Those quoted regulations do not say a CO can order you to parade, it says the CDS can, two very different things. Unless there is further direction not quoted here where the CDS has delegated those powers lower, then the CO cannot order you to parade for two weeks.
Sorry but you are wrong. The regulation provides that "subject to any limitations prescribed by the [CDS] . . .". The order can be given by any superior amongst whom a CO would be the most likely. The CDS is simply made the authority for prescribing any limitations to the QR&O which, incidentally, is a regulation made by the Governor in Council.
What exactly is the definition of "lawful excuse". It seems quite vague, so I'm assuming many things could you get out of it i.e (previously paid travel expenses, family issues, day job issues).

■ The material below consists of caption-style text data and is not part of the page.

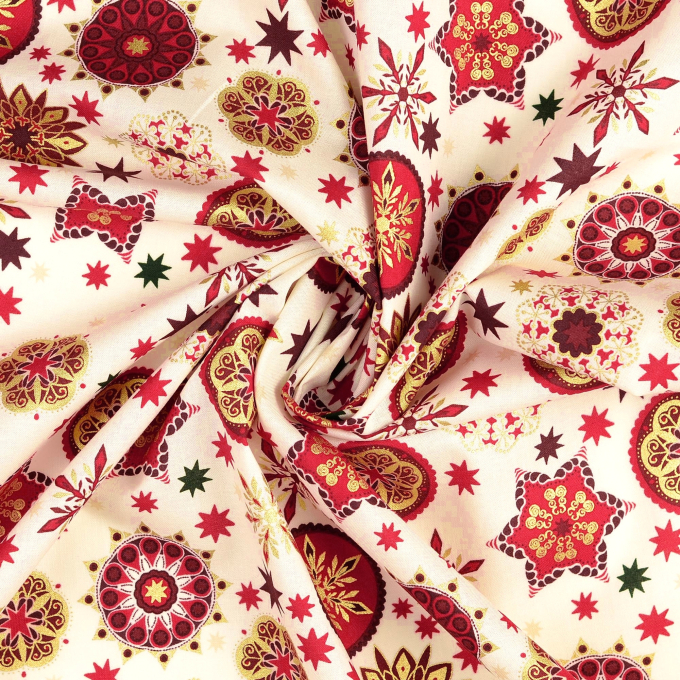 Tissu coton popeline Christmas Mandala, crème
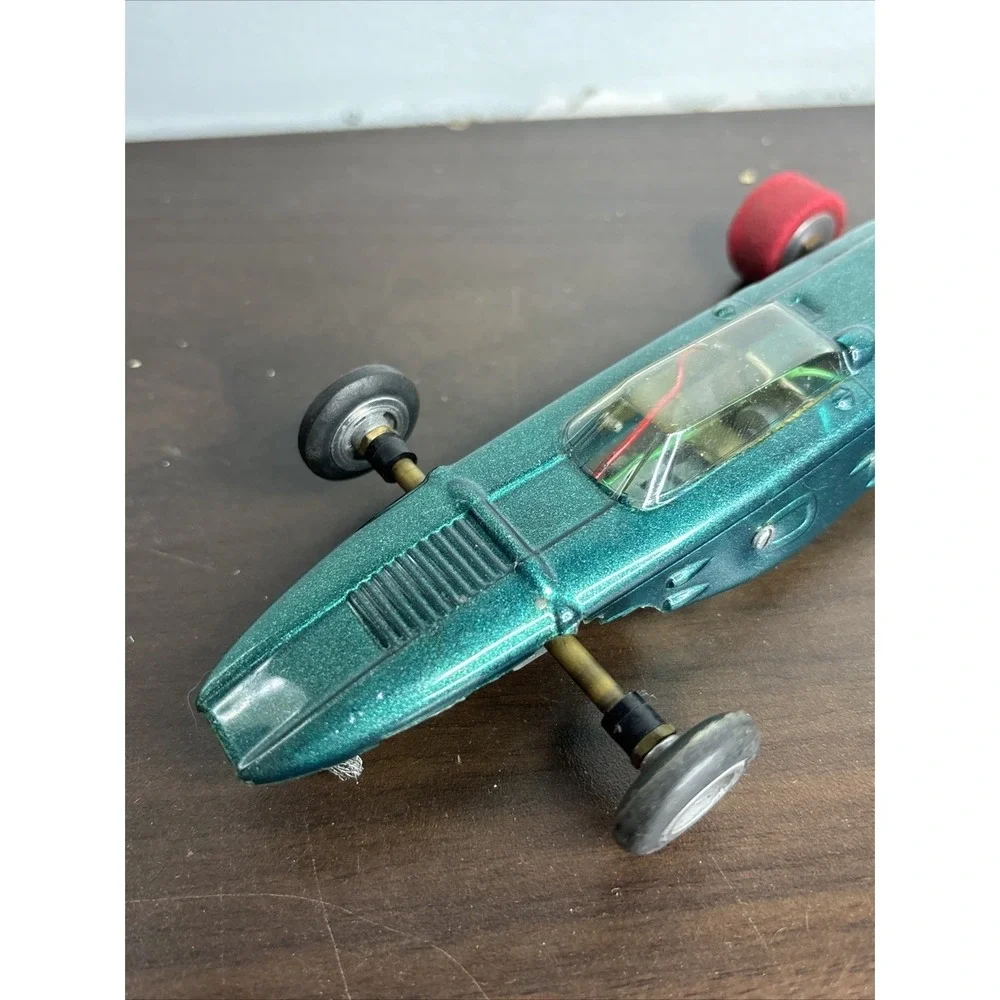 VINTAGE Atomic Green Slot Car‎ Space Age Dome Top DM Special Wheels RARE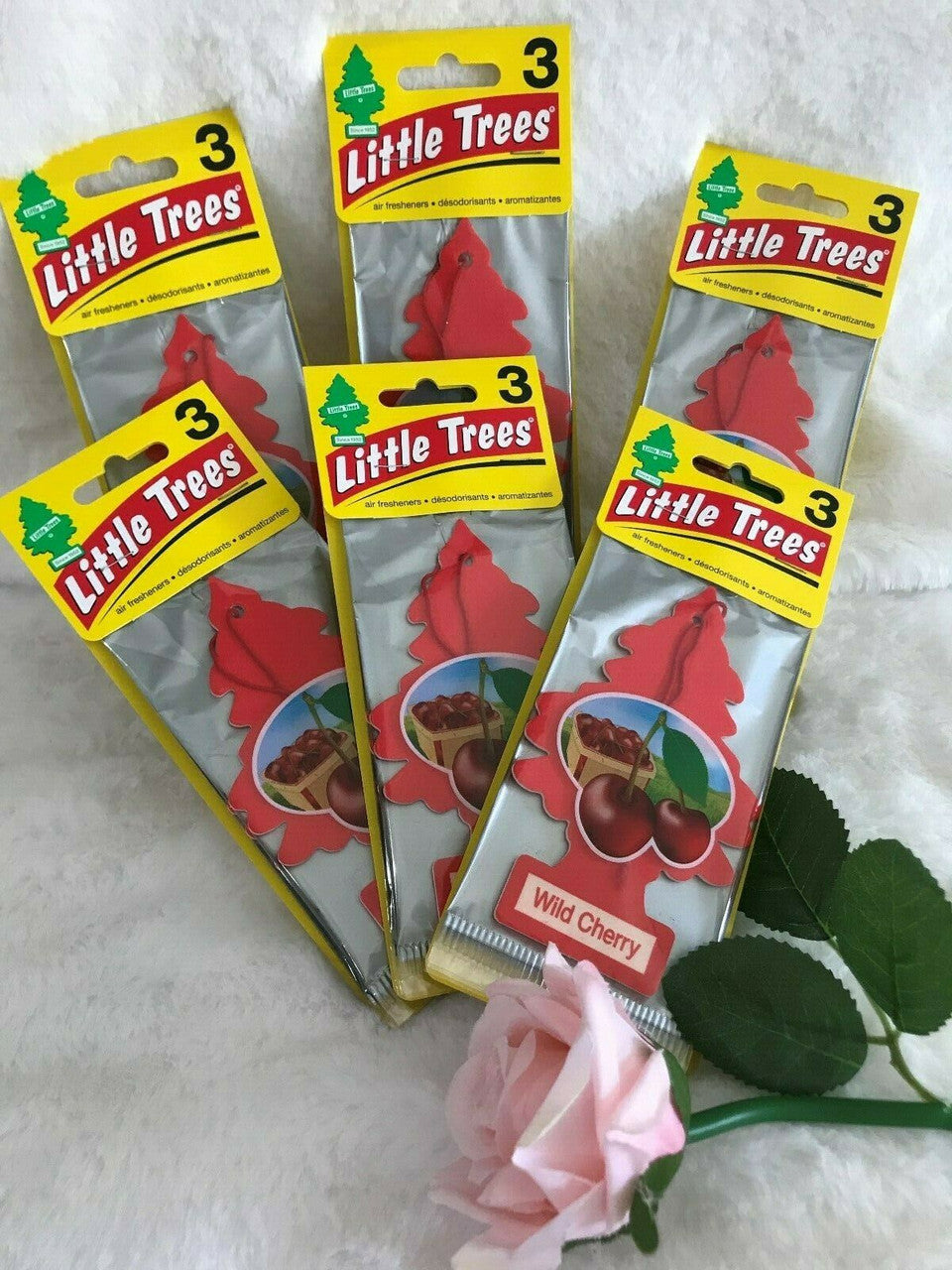 6 packs = 18 Little Trees Car Home Office Hanging Air Freshener Wild Cherry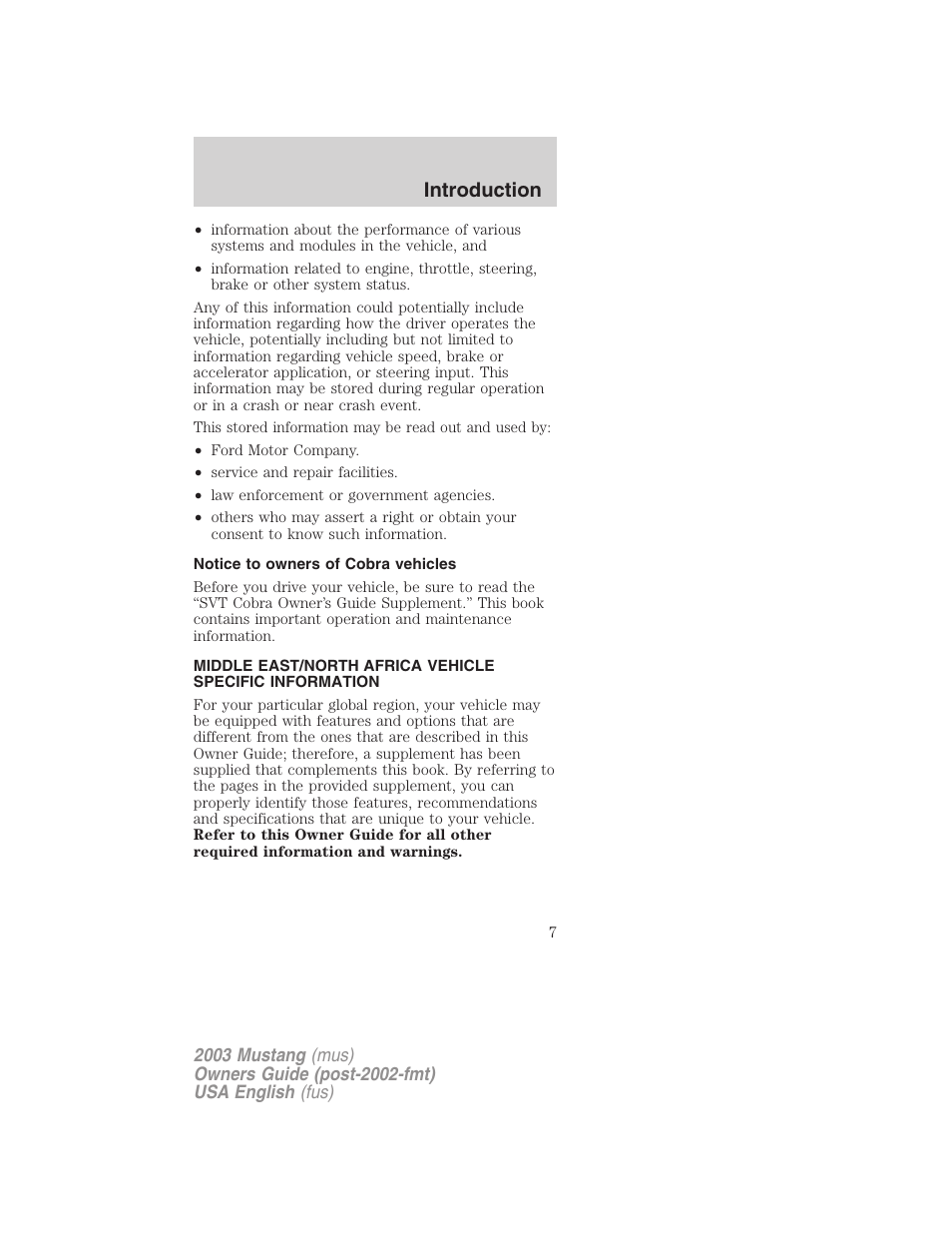 Introduction | FORD 2003 Mustang v.5 User Manual | Page 7 / 216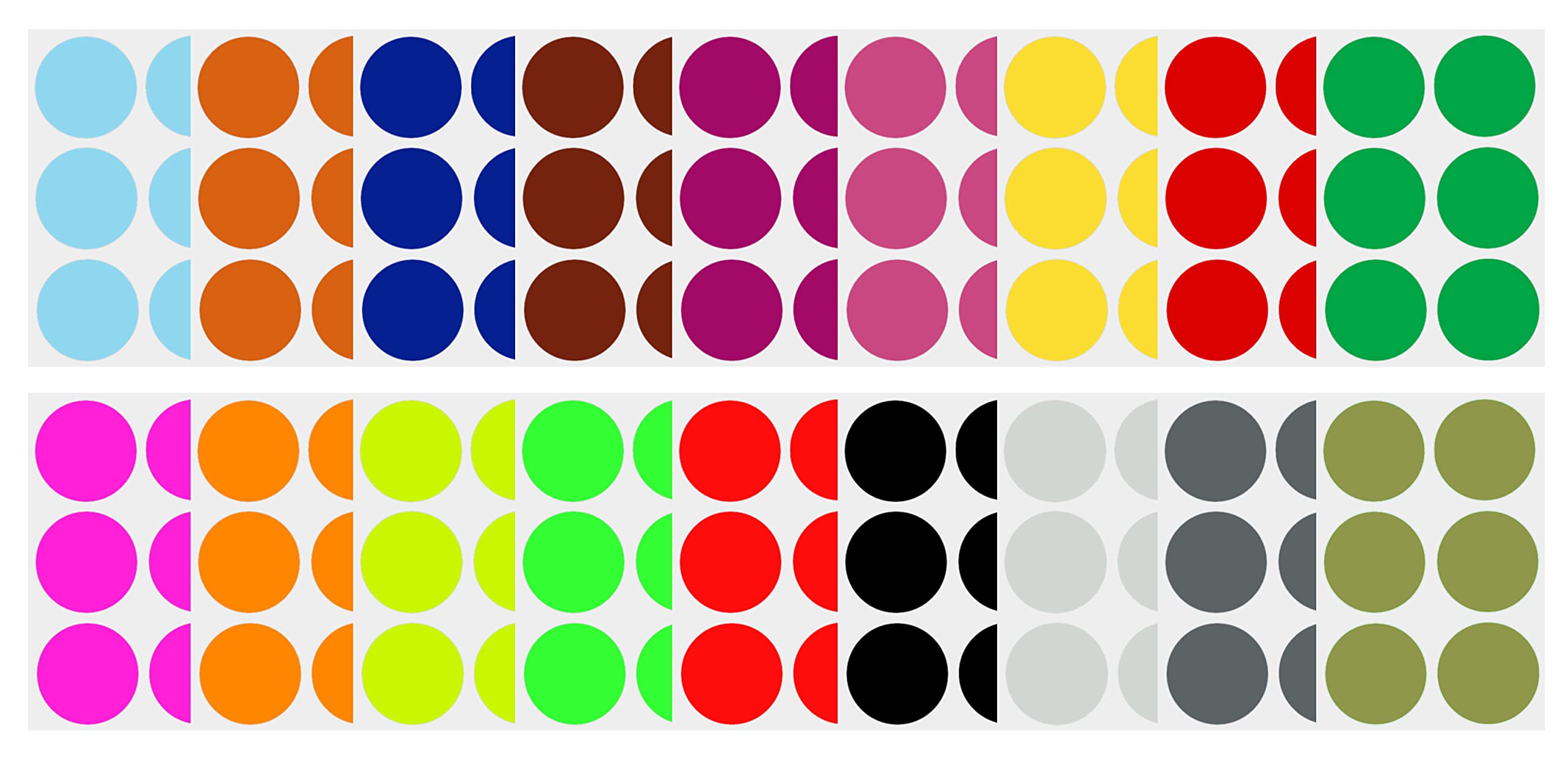 50mm Round dot Stickers in 18 Assorted Colours Label - Two inch for Color Coding Labels - 108 Pack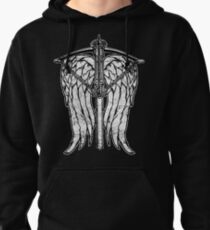 Angel Wings and Crossbow (Dirty) Pullover Hoodie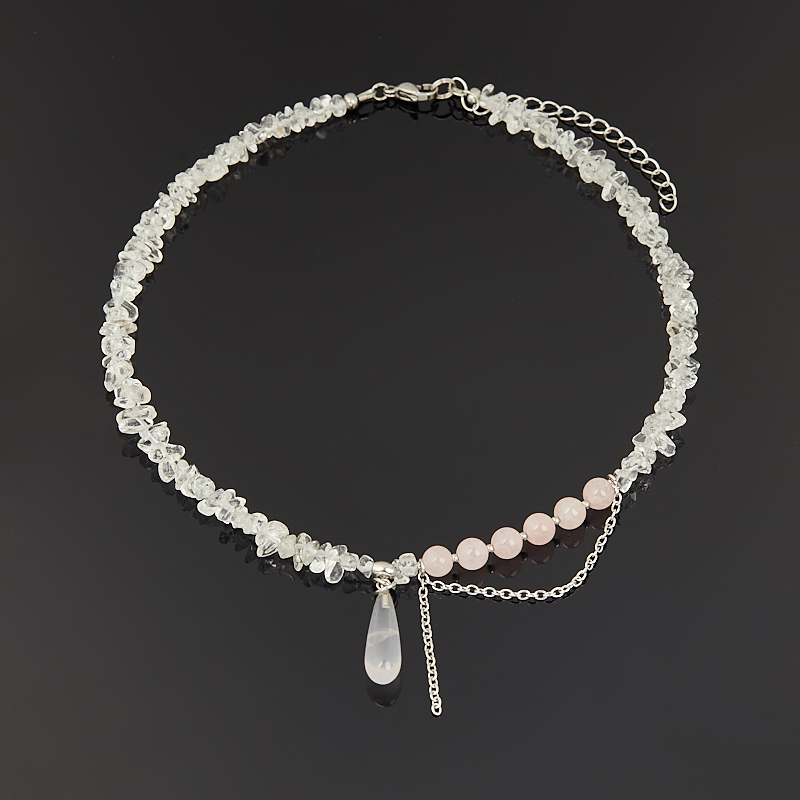 Колье микс горный хрусталь, розовый кварц (сталь хир.) 6 мм 39 см (+7 см)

Roughly how long would it even take with all of the prep work and the trial itself? Since the member is class A, I'd assume that they'd be getting paid the whole time so it would many days missed for a CPL to even loose money.. Heck they might even come out ahead..
A "lawful excuse" is one that provides a legal justification for not attending. It would not be something that is merely a personal inconvenience such as the ones that you mention.
The length of time would vary from province to province depending on how busy the court schedules are but I would say several months.
Your assumption about being paid is wrong. Since this is a civilian charge in front of a civilian court, you would not be on duty to attend the trial or any of the court proceedings nor would you get a lawyer from Defence Counsel Services as this is not a "service offence" which is defined as:
service offence means an offence under this Act, the Criminal Code or any other Act of Parliament, committed by a person while subject to the Code of Service Discipline
Technically (and legally). S 294 is specifically provided as an offence triable by a civilian court because at the moment that you fail to attend training you are not subject to the Code of Service Discipline by virtue of S 60(1)(c) of the NDA.
The saving grace for people is that the military makes virtually no use of this provision because it's basically a pain in the butt to do. As a JAG officer I was frequently consulted about this problem and while I always encouraged COs to make use of the provision (if nothing else as a learning exercise and
pour encourager les autres), no one ever took me up on it.